The purpose of this example is to highlight the utility of Skafos, Metis Machine's data science operationalization and delivery platform. In this example, we will:
- Build and train a model predicting cell phone churn with data on a public S3 bucket
- Save this model to a private S3 bucket
- Score new customers using this model and save these scores.
- Access these scores via an API and S3.
The figure below provides a functional architecture for this process.
- Sign up for a Skafos account
- Install skafos on your machine
- Authenticate your account via the
skafos auth
command. - A working knowledge of how to use git.
The source data for this example is available in a public S3 bucket provided by Metis Machine. In the steps below, we will describe how to access it. No code modifications are required to access the input data.
This data has been slightly modified from its source, which is freely available and can be found here or here.
In the following step-by-step guide, we will walk you through how to use the code in this repository to run a job on Skafos. Following completion of this tutorial, you should be able to:
- Run the existing code and access its output on S3.
- Replace the provided data and model with your own data and model.
- Fork the churn-model-demo from github. This code is freely available as part of the Skafos organization. Note that the README is a copy of these instructions.
- Clone the forked repo to your machine, and add an upstream remote to connect to the original repo, if desired.
Each Skafos project will need its own project token and unique metis.config.yml
file. The example metis.config.yml.example
provided in this repo is the identical to what you will need, but the project token and job ids are tied to another Skafos account and organization.
Creating your own metis.config.yml
file is simple and described below.
Once in top level of the working directory of this project, type: skafos init
on the command line. This will generate a new metis.config.yml
file that is tied to your Skafos account and organization.
Open up this config file and edit the first job id to match the example .yml file included in the repo. Specifically, modify the following:
language: python
name: build-churn-model
entrypoint: build-churn-model.py
Note: Do not edit the project token or job_ids in the .yml file. Otherwise, Skafos will not recognize and run your job.
In the example metis.config.yml
file, you'll not that there are two jobs: one to build a model, and one to score new users.

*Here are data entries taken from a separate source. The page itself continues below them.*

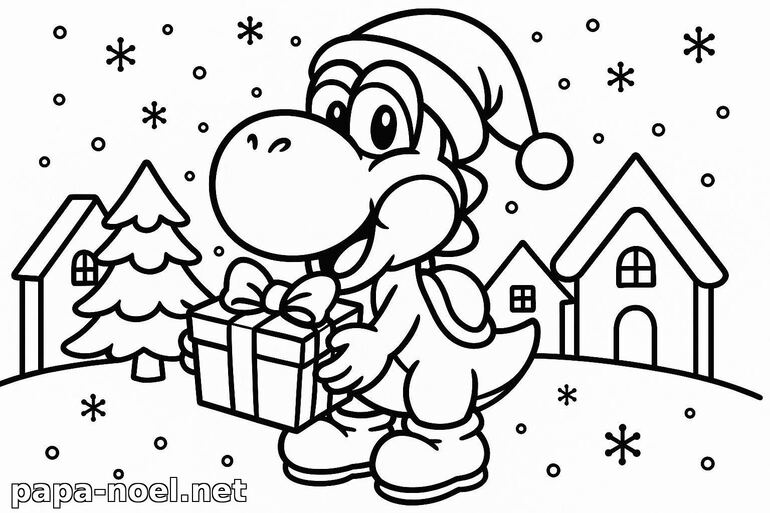 Coloriage de Yoshi de Noël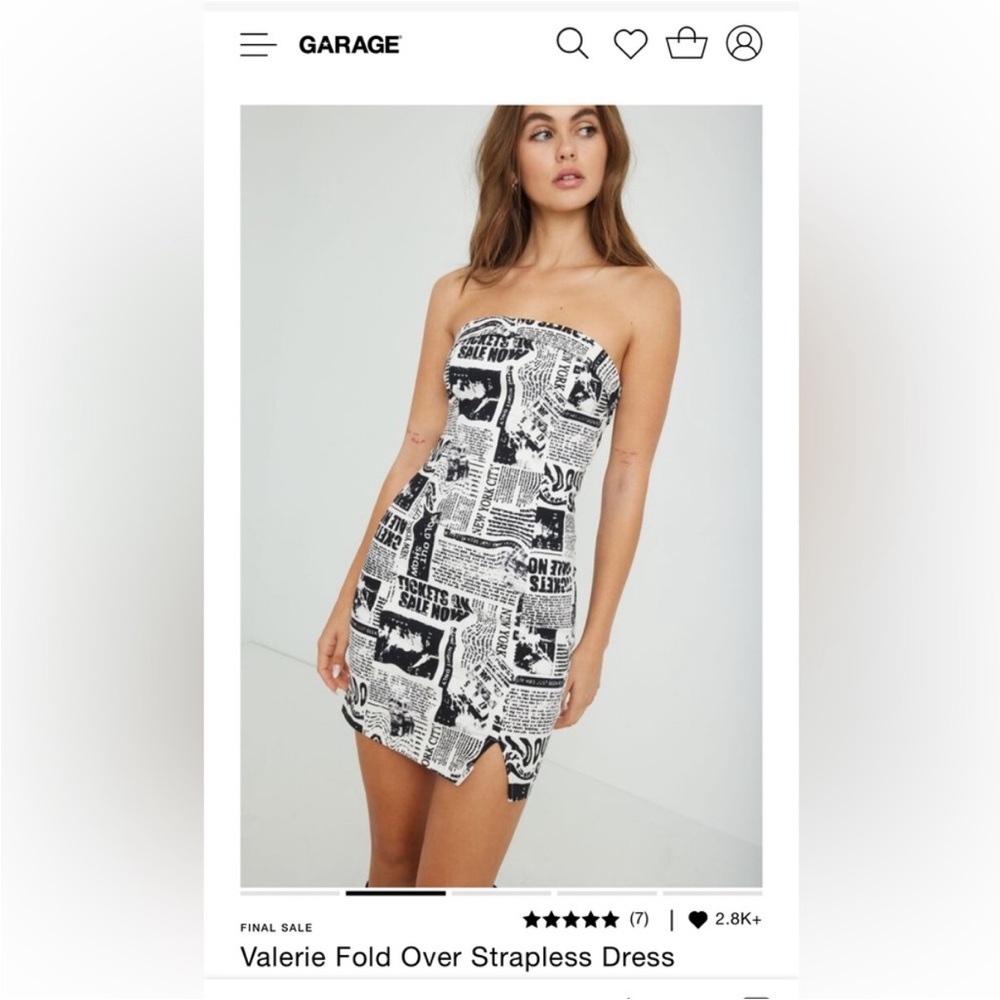 Garage Monochrome Newspaper Print Strapless Dress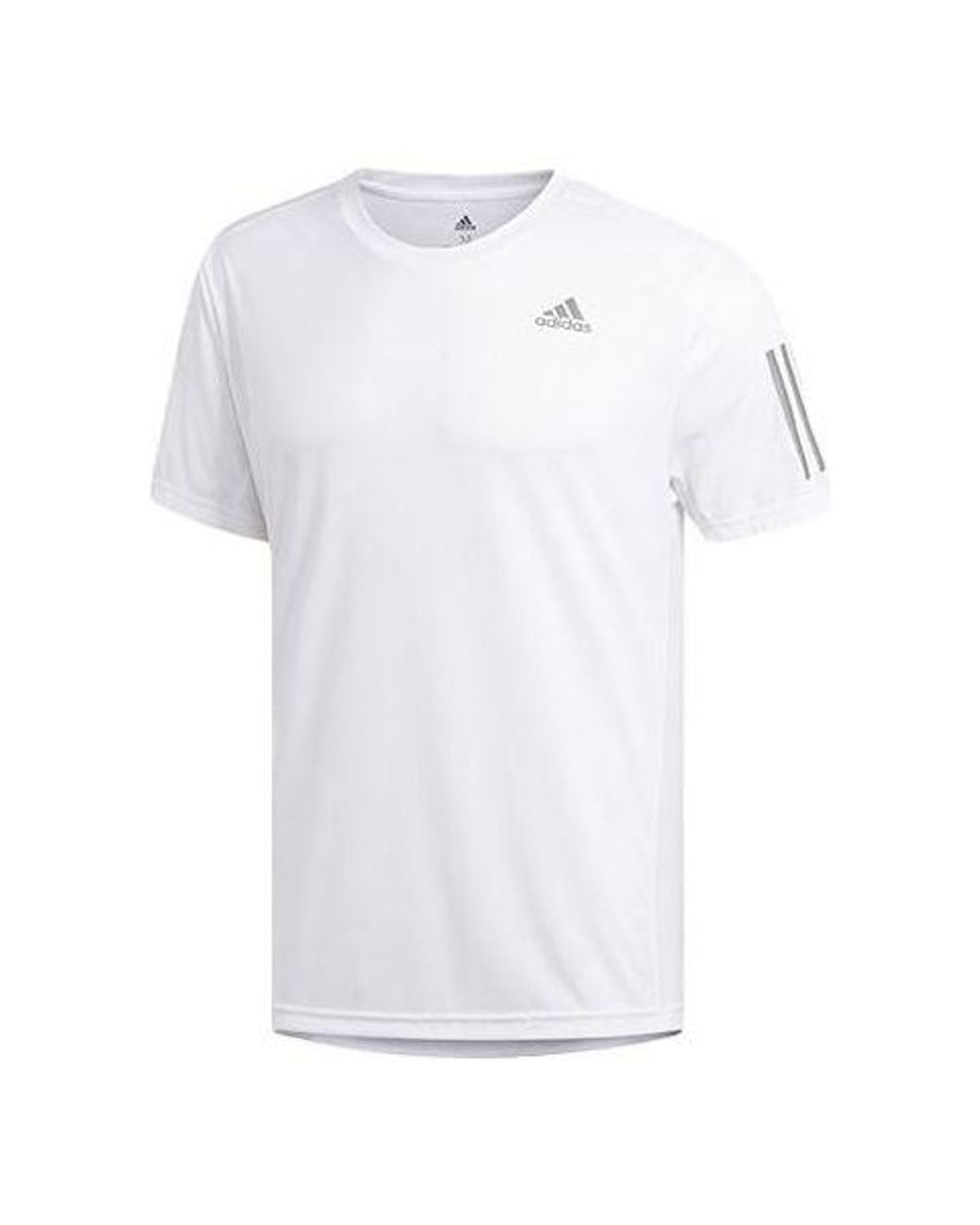 Adidas White Own The Run Tee Running Short Sleeve for men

You will need to add a second job to your Skafos project via the following command on the command line:
skafos create job score-new-users --project <insert-your-project-token-here>
This will output a job_id on the command line. Copy this job id to your metis.config.yml
file, again using the example yaml file as a template, and including the following:
language: python
name: score-new-users
entrypoint: score-new-users.py`
dependencies: [<job-id for build-churn-model.py>]
This dependency will ensure that new users are not scored until the churn model has been built. If build-churn-model.py
does not complete, then score-new-users.py
will not run.
Now that your metis.config.yml
file has all the necessary components, add it to the repo, commit, and push.
In Steps 3 and 4 above, you initialized a Skafos project so you can run the cloned repo in Skafos. Now, you will need to add the Skafos app to your github repository.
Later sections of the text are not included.